Data from the United States estimated a crude death rate of 1.0 per 100,000 population for individuals aged 0 to 19 years during a similar surveillance period; around three times higher than that seen in England (0.36 per 100,000). Indeed, in the US, COVID-19 mortality between August 2021 and July 2022, was the 8th most common cause of death, causing 2% of deaths in this age group10 (compared to 1.4% in this work). Some of the difference may be explained by the wider age range reported in that work (0–19 years)10, and the limited data available on the US deaths compared to the NCMD dataset.
Consistent with other work10, mortality in the first year of life, and again in later childhood, appears to be higher than in some older age groups. The higher mortality rate seen here in infants may have been previously unrecognised due to the substantial mortality already seen in this age range11, although may reflect higher infection rate. However, maternal vaccination is likely to reduce stillbirth, preterm births, neonatal ICU admission, in addition to reductions in COVID-19 infection during the first 6 months of life12,13.

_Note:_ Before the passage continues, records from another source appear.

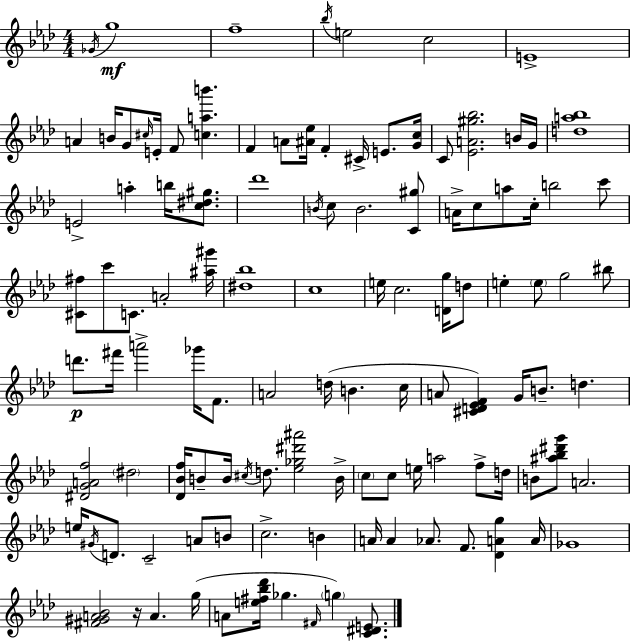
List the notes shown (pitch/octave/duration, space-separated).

Gb4/s G5/w F5/w Bb5/s E5/h C5/h E4/w A4/q B4/s G4/e C#5/s E4/s F4/e [C5,A5,B6]/q. F4/q A4/e [A#4,Eb5]/s F4/q C#4/s E4/e. [G4,C5]/s C4/e [Eb4,A4,G#5,Bb5]/h. B4/s G4/s [D5,A5,Bb5]/w E4/h A5/q B5/s [C5,D#5,G#5]/e. Db6/w B4/s C5/e B4/h. [C4,G#5]/e A4/s C5/e A5/e C5/s B5/h C6/e [C#4,F#5]/e C6/e C4/e. A4/h [A#5,G#6]/s [D#5,Bb5]/w C5/w E5/s C5/h. [D4,G5]/s D5/e E5/q E5/e G5/h BIS5/e D6/e. F#6/s A6/h Gb6/s F4/e. A4/h D5/s B4/q. C5/s A4/e [C#4,D4,Eb4,F4]/q G4/s B4/e. D5/q. [D#4,G4,A4,F5]/h D#5/h [Db4,Bb4,F5]/s B4/e B4/s C#5/s D5/e. [Eb5,Gb5,D#6,A#6]/h B4/s C5/e C5/e E5/s A5/h F5/e D5/s B4/e [A#5,Bb5,D#6,G6]/e A4/h. E5/s G#4/s D4/e. C4/h A4/e B4/e C5/h. B4/q A4/s A4/q Ab4/e. F4/e. [Db4,A4,G5]/q A4/s Gb4/w [F#4,G#4,A4,Bb4]/h R/s A4/q. G5/s A4/e [E5,F#5,Bb5,Db6]/s Gb5/q. F#4/s G5/q [C4,D#4,E4]/e. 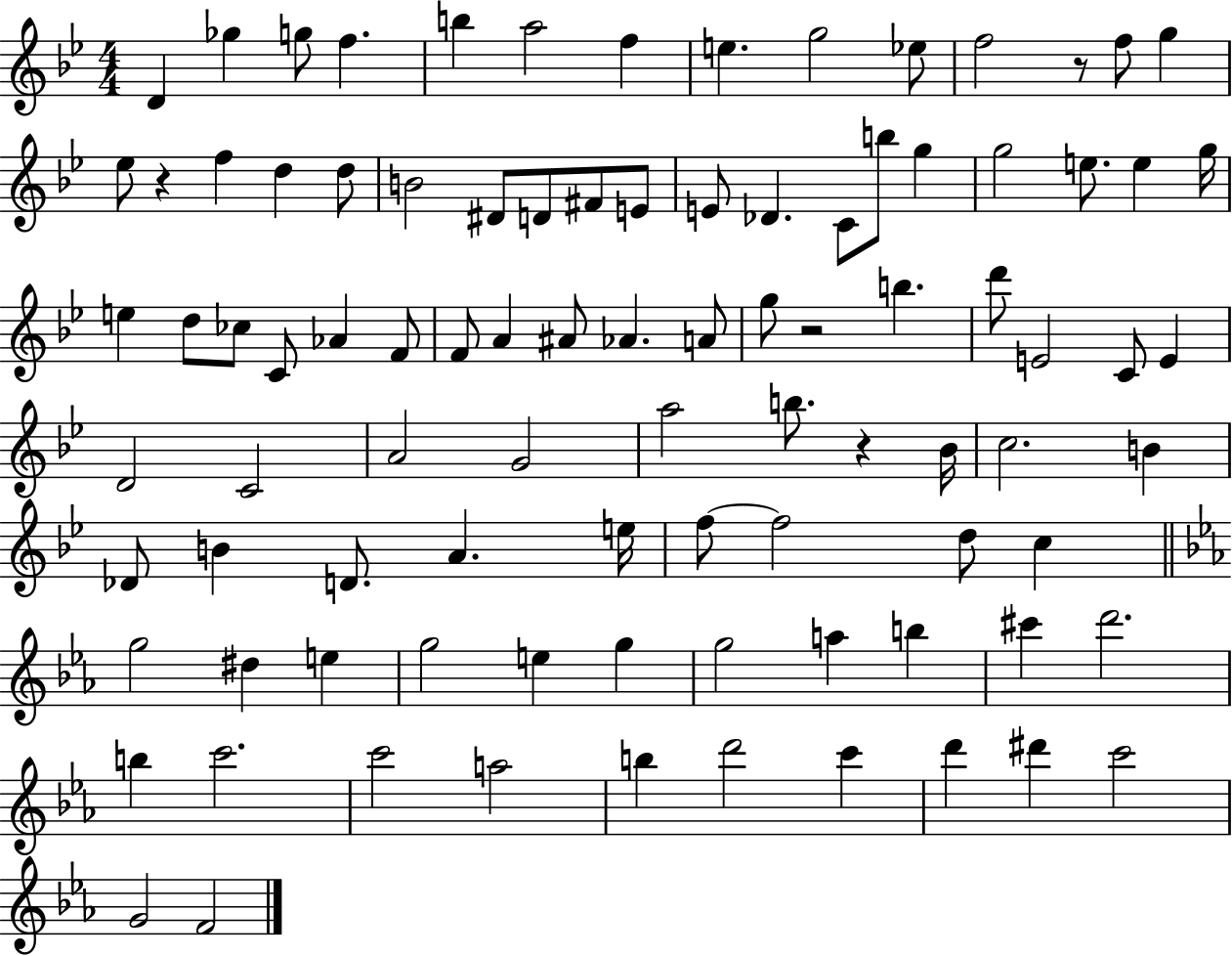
{
  \clef treble
  \numericTimeSignature
  \time 4/4
  \key bes \major
  d'4 ges''4 g''8 f''4. | b''4 a''2 f''4 | e''4. g''2 ees''8 | f''2 r8 f''8 g''4 | \break ees''8 r4 f''4 d''4 d''8 | b'2 dis'8 d'8 fis'8 e'8 | e'8 des'4. c'8 b''8 g''4 | g''2 e''8. e''4 g''16 | \break e''4 d''8 ces''8 c'8 aes'4 f'8 | f'8 a'4 ais'8 aes'4. a'8 | g''8 r2 b''4. | d'''8 e'2 c'8 e'4 | \break d'2 c'2 | a'2 g'2 | a''2 b''8. r4 bes'16 | c''2. b'4 | \break des'8 b'4 d'8. a'4. e''16 | f''8~~ f''2 d''8 c''4 | \bar "||" \break \key ees \major g''2 dis''4 e''4 | g''2 e''4 g''4 | g''2 a''4 b''4 | cis'''4 d'''2. | \break b''4 c'''2. | c'''2 a''2 | b''4 d'''2 c'''4 | d'''4 dis'''4 c'''2 | \break g'2 f'2 | \bar "|."
} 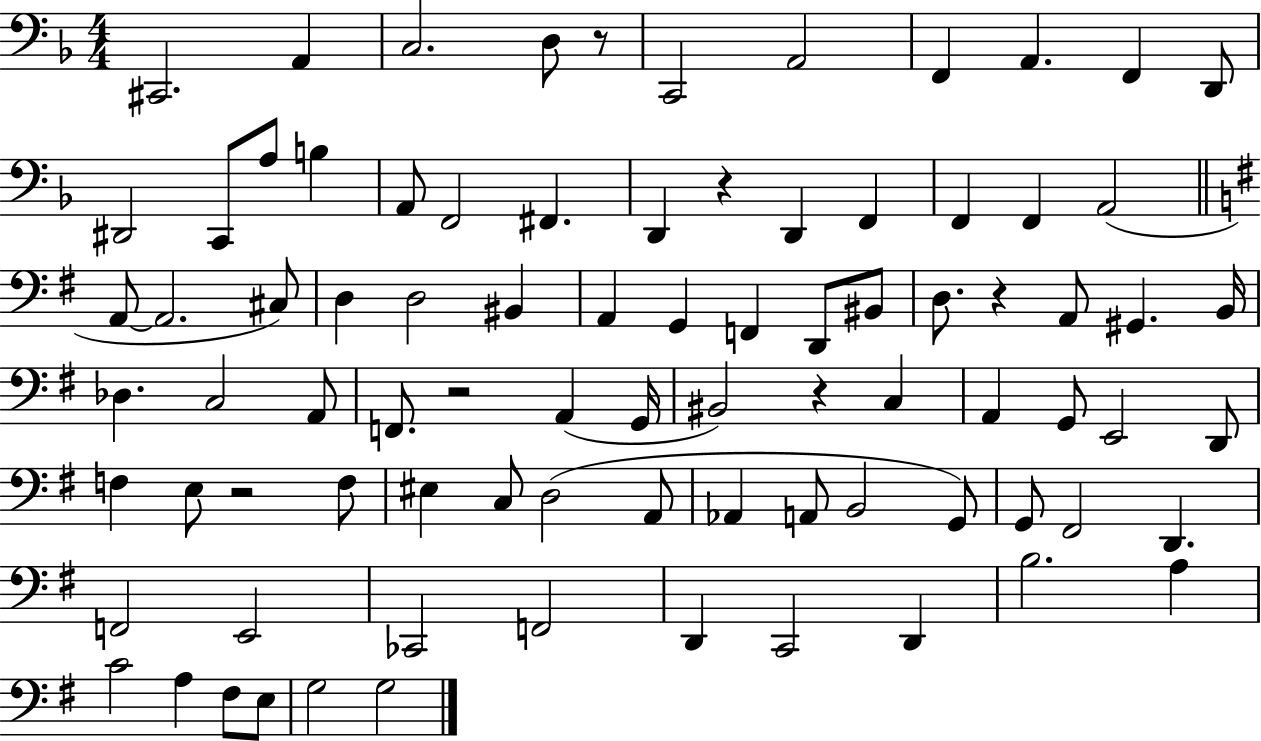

The association of COVID-19 deaths with underlying conditions in CYP (especially severe neurodisability) is not unexpected, and consistent with other work14. Around 10% of COVID deaths had no evidence of any long term disease, including common childhood aliments, such as asthma, and is similar to the proportion of COVID-19 deaths across all ages, including adults, where no pre-existing condition was identified (England and Wales data, 11.8%)15. However, for CYP with underlying conditions, it can be difficult to assess the contribution of the virus infection to death, compared to the contribution of the underlying condition itself. For some groups (e.g. malignancies and neonatal deaths), overall mortality has not measurably changed over the 3 years of the pandemic8 as, even if, the individual additional risk of COVID in these groups may be substantial, it remains difficult to identify where the base-line mortality is already very high. In contrast, the social changes around the pandemic reduced the circulation of other infections, and without COVID-19 many of these CYP may have succumbed to a different pathogen. Currently, with all mitigations removed, other viruses are circulating, and it is essential we continue to assess the ongoing contribution of this virus to severe disease, and deaths, in CYP. Finally, of course, all the mortality rates, and rate ratios, reported here were after lockdown implementations, and personal shielding of these vulnerable groups. While social distancing, and other interventions may have reduced some of the health inequalities in England3, the stark associations with ethnicity and deprivation are consistent with ONS data in adults15, and appear disproportionate to the already recognised inequalities in child mortality16; possibly offsetting any possible progress seen over the last decade.